**DESCRIPTION OF THE TASK:**
Keep the wording of the records intact as you retype them, and omit every image.

━━━━━━

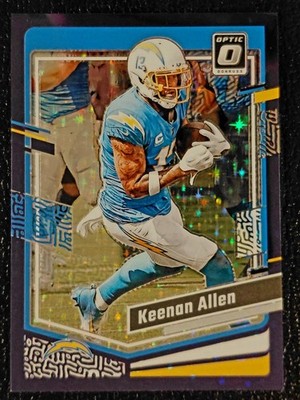 2023 Panini Donruss Optic Keenan Allen #105 Purple Stars Prizm 13/15 JERSEY #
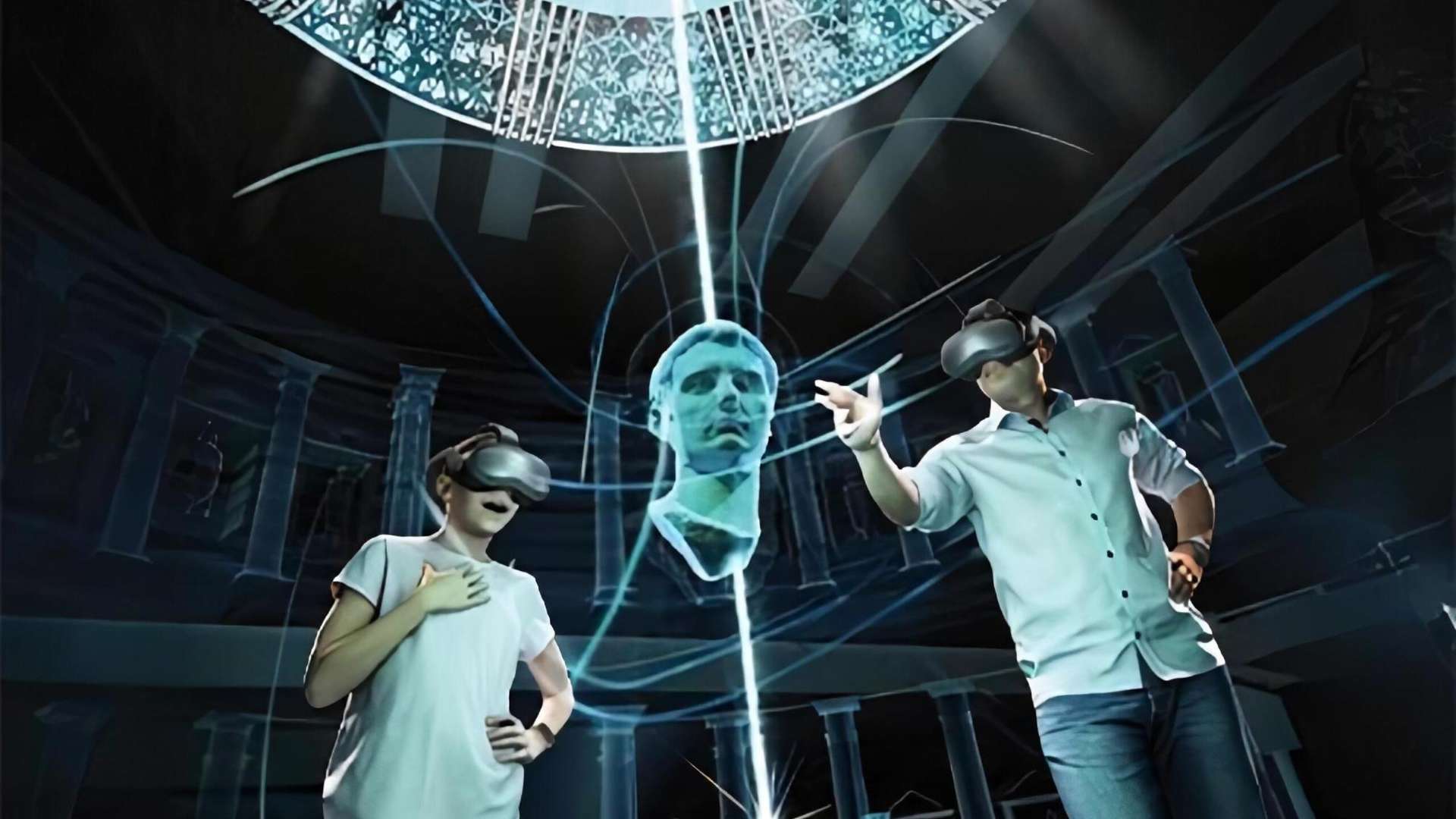 Quantum Dome Project. A Collective VR Experience | Courtesy &copy; Louvre Abu Dhabi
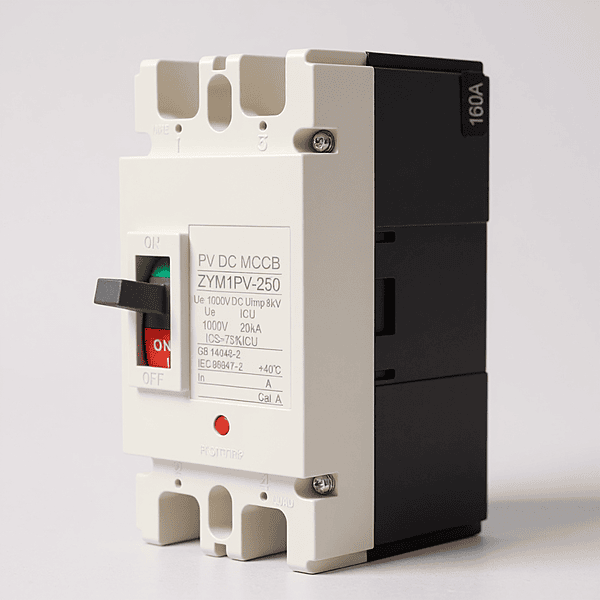 DC Circuit Breaker 2Pole 1000V 120A - MCCB Circuit Breaker for high current DC/solar application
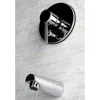 Kingston Brass KB86910DLTO Tub Only in Polished Chrome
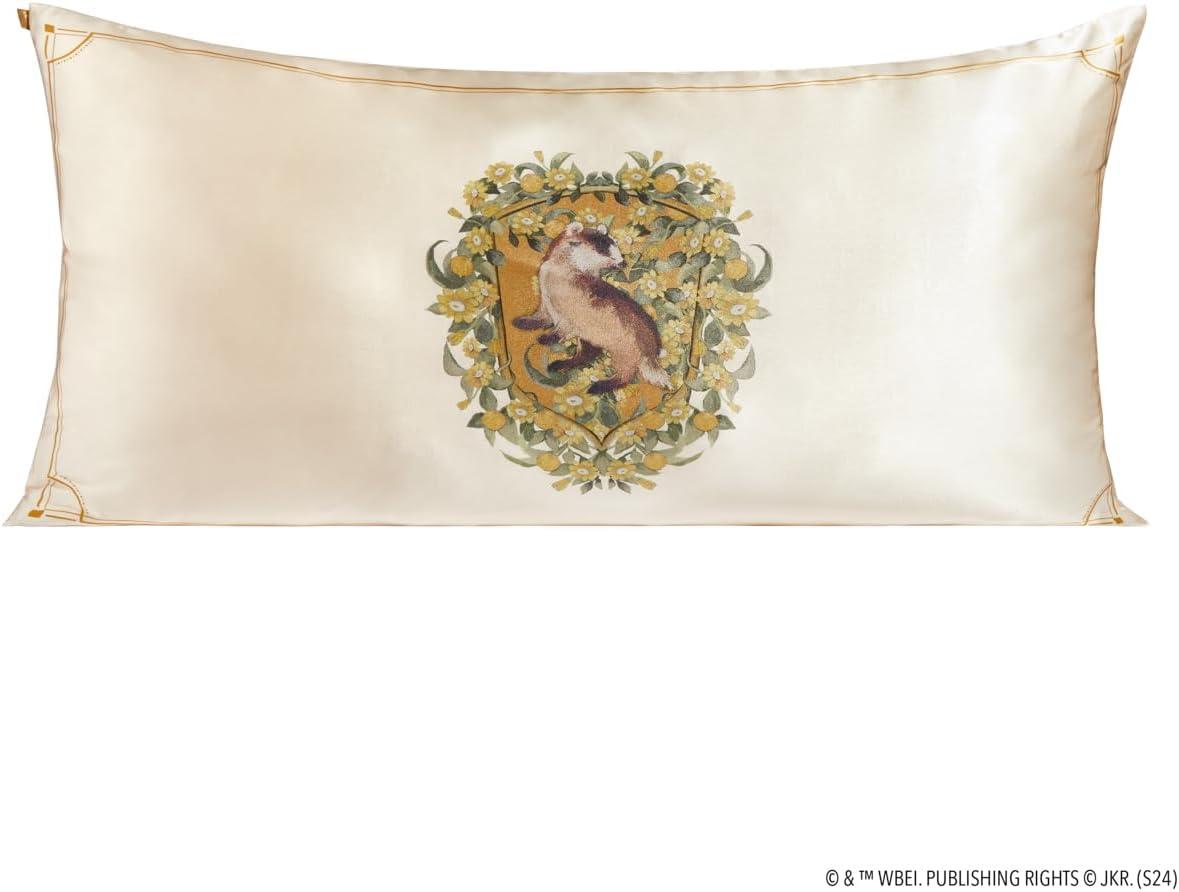 imageKitsch Wonder Woman Believe in Wonder Satin Pillowcase with Zipper Softer Than Silk Luxury Cooling Pillowcase for Hair ampamp Skin Wrinkle Prevention King Size 19X36Harry Potter Hufflepuff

━━━━━━

**WRITTEN SOLUTION:**
 2023 Panini Donruss Optic Keenan Allen #105 Purple Stars Prizm 13/15 JERSEY #
 Quantum Dome Project. A Collective VR Experience | Courtesy &copy; Louvre Abu Dhabi
 DC Circuit Breaker 2Pole 1000V 120A - MCCB Circuit Breaker for high current DC/solar application
 Kingston Brass KB86910DLTO Tub Only in Polished Chrome
 imageKitsch Wonder Woman Believe in Wonder Satin Pillowcase with Zipper Softer Than Silk Luxury Cooling Pillowcase for Hair ampamp Skin Wrinkle Prevention King Size 19X36Harry Potter Hufflepuff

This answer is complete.